By WILLIAM BOOT
BANGKOK — The South Korean government has rejected a complaint that two Korean companies have condoned human rights abuses and failed to meet international standards in Burma in pursuit of gas exploration.
The complaint alleged that industrial conglomerate Daewoo International and government-owned Korea Gas Corporation had failed to comply with guidelines on corporate responsibility and investment laid down by the Organization for Economic Cooperation and Development (OECD).
South Korea is a member of the OECD, which is made up of the world’s leading industrialized countries.
The allegation was lodged by the U.S.-based group EarthRights International (ERI) and backed by several other organizations including South Korea’s two biggest labor union federations.
Daewoo and Korea Gas are partners in a consortium developing the huge Shwe gas field off the west coast of Burma close to Bangladesh.
ERI contends that “human rights abuses have been perpetrated against local people opposing Daewoo’s Shwe Gas Project.”
It also says Daewoo’s plan to construct a trans-Burma gas pipeline to China from the Shwe field “poses an unreasonably high risk of more serious and widespread human rights and environmental impacts.”
South Korea’s Ministry of Knowledge Economy has rejected the complaint “on all counts,” ERI said on Wednesday.
“Moreover, the [ministry] opined that the general situation in Burma and specifically around the Shwe Project does not merit an investigation or arbitration between the companies and the complainants,” ERI said in a statement. “[It] flies in the face of evidence from groups and communities from within the proposed pipeline area in Burma.”
ERI alleged in its October complaint to the South Korean government that Daewoo and Korea Gas—also known as KOGAS—are in breach of at least six OECD guidelines “by failing to respect human rights, contributing to forced labor, failing to promote sustainable development, failing to disclose information about the project, failing to consult with local populations and by failing to conduct an environmental impact assessment according to international standards.”
ERI says it was only informed of the complaint rejection indirectly and unofficially via a co-complainant in South Korea.
“If Daewoo and KOGAS were to genuinely conform to the (OECD) guidelines, the Shwe Project would have to be postponed, which evidently is against the priorities of both the companies and the ministry,” said Matthew Smith, Burma Project Coordinator at ERI.
“These companies and the Korean government are now on notice that negative social and environmental impacts from this project have begun, and are likely to continue and accelerate if this project moves forward. These companies bear responsibility for these abuses, and the Korean government is failing in its obligations under the OECD guidelines to prevent these harms.
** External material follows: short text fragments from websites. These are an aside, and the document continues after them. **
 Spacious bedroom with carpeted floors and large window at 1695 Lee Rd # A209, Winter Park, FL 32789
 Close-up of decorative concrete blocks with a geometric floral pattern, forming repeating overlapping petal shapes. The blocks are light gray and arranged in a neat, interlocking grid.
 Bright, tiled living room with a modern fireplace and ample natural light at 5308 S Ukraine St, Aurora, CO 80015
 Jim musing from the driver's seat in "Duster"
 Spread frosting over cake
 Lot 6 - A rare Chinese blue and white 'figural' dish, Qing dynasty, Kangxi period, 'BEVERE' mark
The blood of the people of Burma will be on their hands.”
ERI and its supporters complained that Daewoo and Korea Gas are in breach of the OECD Guidelines for Multinational Enterprises.
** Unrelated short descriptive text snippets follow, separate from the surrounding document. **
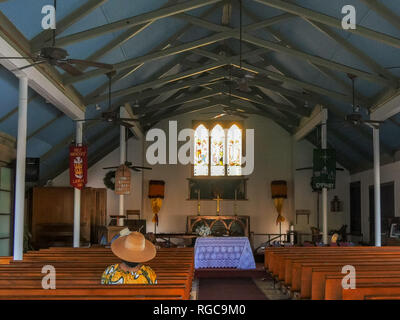 LAHAINA, VEREINIGTE STAATEN VON AMERIKA - 7. JANUAR 2015: ein Anbeter sitzt in einer Kirchenbank im Inneren der Unschuldigen Kinder Kirche in Lahaina, Maui Stockfoto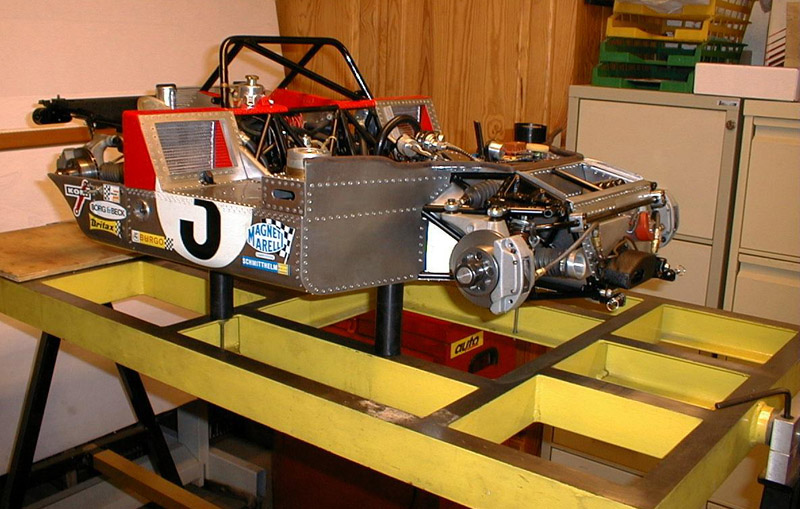 A right side view of the race car with bodywork and wheels removed. 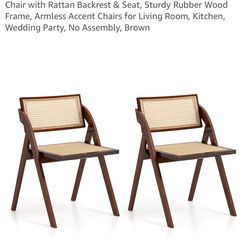 Set of 4 Wood and Rattan Folding Chairs still in box.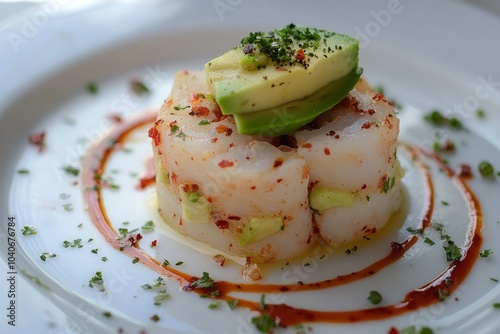 Delicious tuna and avocado starter with spicy sauce is served on white plate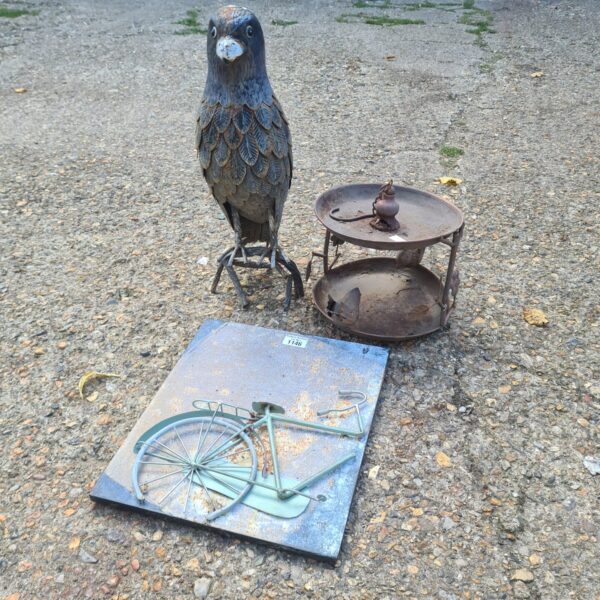 Metal garden ornaments featuring a bird sculpture and tiered stand.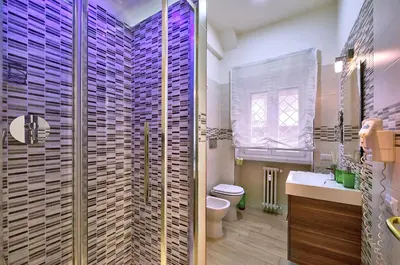 a bathroom with a shower and a toilet and a sink at Marigiò Vatican Apartment in Rome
Daewoo is the main developer in the Shwe consortium with a 51 percent stake. Korea Gas holds 8.5 percent.
The field has recoverable reserves of at least 6 trillion cubic feet of gas, all of which is being purchased by China.
ERI says its research indicates that the 1,100-mile gas pipeline through Burma will pass through at least 24 townships and close by several large population centers in Arakan State and four other regions including Shan State.